It was enjoyable heading back into the tiers of the stadium to see the expressions on the senators’ faces. Leana hobbled up the steps, injured but with her pride intact.
Only one of the senators swallowed his own pride and mumbled his congratulations to her, the others remained cool and distant. Some looked as if the event had well and truly ruined their day. Two
of them spat on the floor in front of us.

Even General Maxant inclined his head in our direction, acknowledging Leana’s performance. The king, it seemed, maintained the same, remote gaze all afternoon.

We enjoyed the rest of the afternoon’s races at a leisurely pace. I did not want to risk being followed or attacked again – particularly if Leana was partially injured, so I
conducted the rest of my questioning at some speed, this time deciding to do it within the tiers of the stadium rather than by the stalls.

At the age of fifty-nine, Senator Gallus was the oldest of the suitors who attempted to charm Lacanta, but he suggested he hadn’t ever been in with much of a chance. There were no games,
he stressed – she was polite and affable, and did not successfully get him to vote with any particular motion, despite trying to. ‘She kept on trying to stop the military from their
campaigns. She didn’t like war. I can’t agree with such ridiculous sentiments. War is in our blood, after all.’

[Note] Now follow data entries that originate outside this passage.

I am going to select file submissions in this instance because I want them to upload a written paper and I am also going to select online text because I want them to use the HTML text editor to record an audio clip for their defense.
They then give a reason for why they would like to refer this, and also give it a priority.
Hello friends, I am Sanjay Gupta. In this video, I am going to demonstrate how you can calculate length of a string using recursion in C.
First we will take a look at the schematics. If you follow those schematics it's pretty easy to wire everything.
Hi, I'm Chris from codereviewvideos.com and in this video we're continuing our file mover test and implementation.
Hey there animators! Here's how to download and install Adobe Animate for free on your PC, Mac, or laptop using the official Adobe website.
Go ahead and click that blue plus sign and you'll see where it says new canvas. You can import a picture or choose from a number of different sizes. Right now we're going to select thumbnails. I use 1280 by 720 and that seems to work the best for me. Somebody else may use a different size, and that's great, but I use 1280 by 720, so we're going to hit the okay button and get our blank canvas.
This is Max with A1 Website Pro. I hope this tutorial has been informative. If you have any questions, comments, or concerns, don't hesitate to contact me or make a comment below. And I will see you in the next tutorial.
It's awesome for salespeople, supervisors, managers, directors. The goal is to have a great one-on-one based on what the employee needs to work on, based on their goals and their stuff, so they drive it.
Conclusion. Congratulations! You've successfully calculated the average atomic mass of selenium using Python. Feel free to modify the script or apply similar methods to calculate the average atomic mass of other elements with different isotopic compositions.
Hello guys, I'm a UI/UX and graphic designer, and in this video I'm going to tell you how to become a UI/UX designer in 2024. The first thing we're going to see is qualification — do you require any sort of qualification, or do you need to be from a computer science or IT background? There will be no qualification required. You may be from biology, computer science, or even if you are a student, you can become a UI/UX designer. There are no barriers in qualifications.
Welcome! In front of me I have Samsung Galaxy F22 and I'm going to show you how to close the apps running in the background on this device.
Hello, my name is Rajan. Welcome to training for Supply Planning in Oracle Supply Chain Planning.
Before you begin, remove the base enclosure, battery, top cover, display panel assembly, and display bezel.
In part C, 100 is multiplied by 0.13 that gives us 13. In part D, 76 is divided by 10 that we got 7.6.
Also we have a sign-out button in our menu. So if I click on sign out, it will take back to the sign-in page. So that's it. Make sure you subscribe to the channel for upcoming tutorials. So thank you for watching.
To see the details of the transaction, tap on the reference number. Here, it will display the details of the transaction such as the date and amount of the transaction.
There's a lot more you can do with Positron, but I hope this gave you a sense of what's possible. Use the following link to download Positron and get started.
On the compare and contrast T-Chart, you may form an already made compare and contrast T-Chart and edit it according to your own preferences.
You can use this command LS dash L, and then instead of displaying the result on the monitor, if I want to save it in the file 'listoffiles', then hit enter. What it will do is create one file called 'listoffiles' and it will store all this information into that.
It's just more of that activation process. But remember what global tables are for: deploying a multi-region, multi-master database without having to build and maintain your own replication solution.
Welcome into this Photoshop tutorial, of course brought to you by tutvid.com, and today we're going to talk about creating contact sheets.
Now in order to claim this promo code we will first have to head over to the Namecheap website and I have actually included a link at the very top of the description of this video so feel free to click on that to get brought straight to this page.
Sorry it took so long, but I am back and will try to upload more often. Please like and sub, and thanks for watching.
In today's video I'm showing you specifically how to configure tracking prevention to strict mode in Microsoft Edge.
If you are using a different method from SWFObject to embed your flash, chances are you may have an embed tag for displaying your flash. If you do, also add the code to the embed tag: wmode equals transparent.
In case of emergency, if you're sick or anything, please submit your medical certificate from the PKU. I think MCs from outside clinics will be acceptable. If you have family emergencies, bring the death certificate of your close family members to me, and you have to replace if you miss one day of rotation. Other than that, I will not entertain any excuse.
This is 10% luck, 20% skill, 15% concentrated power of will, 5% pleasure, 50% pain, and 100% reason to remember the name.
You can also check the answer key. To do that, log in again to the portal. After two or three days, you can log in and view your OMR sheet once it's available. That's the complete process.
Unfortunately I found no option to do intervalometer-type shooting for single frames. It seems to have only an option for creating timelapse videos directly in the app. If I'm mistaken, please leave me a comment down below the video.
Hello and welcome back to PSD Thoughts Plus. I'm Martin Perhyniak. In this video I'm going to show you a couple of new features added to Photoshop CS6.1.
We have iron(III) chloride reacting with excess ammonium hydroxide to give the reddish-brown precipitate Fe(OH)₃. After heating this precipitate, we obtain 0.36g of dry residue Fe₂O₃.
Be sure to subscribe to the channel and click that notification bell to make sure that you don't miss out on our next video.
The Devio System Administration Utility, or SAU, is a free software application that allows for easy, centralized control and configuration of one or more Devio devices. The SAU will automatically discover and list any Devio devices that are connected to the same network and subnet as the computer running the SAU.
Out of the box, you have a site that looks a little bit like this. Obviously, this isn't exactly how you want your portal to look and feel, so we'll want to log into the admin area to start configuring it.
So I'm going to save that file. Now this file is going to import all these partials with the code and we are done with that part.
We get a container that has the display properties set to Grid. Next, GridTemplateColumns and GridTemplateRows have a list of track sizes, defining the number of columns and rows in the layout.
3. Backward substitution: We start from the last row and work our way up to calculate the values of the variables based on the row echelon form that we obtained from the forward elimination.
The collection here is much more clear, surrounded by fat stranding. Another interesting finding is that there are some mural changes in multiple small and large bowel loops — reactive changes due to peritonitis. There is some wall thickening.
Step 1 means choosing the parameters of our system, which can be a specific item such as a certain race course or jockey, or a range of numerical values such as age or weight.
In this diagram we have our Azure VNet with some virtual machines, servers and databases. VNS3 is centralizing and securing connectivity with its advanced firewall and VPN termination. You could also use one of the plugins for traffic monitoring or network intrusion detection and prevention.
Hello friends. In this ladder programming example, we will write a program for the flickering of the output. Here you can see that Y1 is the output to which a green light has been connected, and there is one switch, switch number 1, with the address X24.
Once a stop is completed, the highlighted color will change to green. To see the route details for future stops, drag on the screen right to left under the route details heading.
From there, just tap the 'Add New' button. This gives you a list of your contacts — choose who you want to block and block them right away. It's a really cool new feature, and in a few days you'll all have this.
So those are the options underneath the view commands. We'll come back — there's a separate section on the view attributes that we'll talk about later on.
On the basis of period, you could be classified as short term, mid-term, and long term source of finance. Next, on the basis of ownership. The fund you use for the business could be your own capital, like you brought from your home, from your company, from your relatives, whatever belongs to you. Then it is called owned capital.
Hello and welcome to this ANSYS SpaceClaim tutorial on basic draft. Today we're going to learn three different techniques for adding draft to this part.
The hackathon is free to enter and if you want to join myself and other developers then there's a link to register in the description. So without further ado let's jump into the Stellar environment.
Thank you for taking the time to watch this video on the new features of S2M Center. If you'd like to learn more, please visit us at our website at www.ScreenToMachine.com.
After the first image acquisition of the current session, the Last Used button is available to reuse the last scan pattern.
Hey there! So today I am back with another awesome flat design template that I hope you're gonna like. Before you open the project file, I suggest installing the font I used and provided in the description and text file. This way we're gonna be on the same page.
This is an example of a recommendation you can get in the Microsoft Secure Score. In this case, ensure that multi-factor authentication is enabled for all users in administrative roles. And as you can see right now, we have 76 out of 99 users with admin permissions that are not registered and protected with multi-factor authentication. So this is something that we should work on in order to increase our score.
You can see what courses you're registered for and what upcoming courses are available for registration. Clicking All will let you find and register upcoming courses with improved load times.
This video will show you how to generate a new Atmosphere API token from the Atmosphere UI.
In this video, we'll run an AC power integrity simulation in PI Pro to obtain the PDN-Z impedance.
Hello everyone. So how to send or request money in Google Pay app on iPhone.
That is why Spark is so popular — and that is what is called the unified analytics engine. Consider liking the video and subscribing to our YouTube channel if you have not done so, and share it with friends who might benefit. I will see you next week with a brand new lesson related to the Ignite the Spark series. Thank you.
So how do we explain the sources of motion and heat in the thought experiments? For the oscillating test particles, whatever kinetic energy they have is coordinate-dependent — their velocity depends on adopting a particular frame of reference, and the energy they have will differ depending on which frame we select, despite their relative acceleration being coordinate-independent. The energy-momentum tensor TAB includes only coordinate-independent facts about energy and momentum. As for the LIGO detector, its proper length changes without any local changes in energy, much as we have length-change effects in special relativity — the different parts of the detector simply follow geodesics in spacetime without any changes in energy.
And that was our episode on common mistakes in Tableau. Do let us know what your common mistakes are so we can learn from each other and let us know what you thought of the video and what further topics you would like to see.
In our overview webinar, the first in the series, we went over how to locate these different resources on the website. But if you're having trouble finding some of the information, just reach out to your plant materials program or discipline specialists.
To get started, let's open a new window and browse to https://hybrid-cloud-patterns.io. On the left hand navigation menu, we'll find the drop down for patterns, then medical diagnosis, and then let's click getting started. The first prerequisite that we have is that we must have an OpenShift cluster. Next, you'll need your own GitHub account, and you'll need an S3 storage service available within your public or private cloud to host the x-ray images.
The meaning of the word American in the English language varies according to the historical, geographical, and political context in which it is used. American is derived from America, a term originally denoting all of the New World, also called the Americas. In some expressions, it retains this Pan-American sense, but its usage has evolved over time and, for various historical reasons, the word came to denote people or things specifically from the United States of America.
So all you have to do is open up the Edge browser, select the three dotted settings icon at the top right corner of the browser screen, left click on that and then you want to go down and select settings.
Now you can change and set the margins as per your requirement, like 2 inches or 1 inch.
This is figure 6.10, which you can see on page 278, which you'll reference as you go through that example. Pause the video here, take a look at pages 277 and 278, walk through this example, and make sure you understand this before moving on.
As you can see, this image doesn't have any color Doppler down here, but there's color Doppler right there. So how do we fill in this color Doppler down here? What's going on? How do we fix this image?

Senator Litren’s initial bitter mutterings subsided into something sensual eventually, and he spoke of their moonlit walks, tinged with anticipation, as one of his most cherished memories
of her. Senator Lobbe, a surprisingly squat man in his forties, and who walked with a noticeable limp, confessed to spending a fortune on gifts for her. But he later found out that Lacanta had
given away several of them to her maids or their families. She calmed his rage when he found out, however. ‘She could always do that,’ he breathed, staring into the deep distance. Only
Lobbe suggested that Lacanta might, on occasion, query how he intended to vote on a particular piece of legislation. A few times she hoped he would vote in favour of her brother’s laws, or to
smooth over some of the warmongering sentiments in the Senate, but his most affectionate times with her did not, he felt, coincide with political requests. That fact had spurred him on
somewhat.

The most important part, for me, was that not one of them boasted of or admitted to sleeping with Lacanta. There was the chance they were lying, trying to conceal any connections with her, but I
did not believe so, because they each confessed to desiring intimacy with her. They admitted to being rivals for her attention – and yet she had sexual relationships with none.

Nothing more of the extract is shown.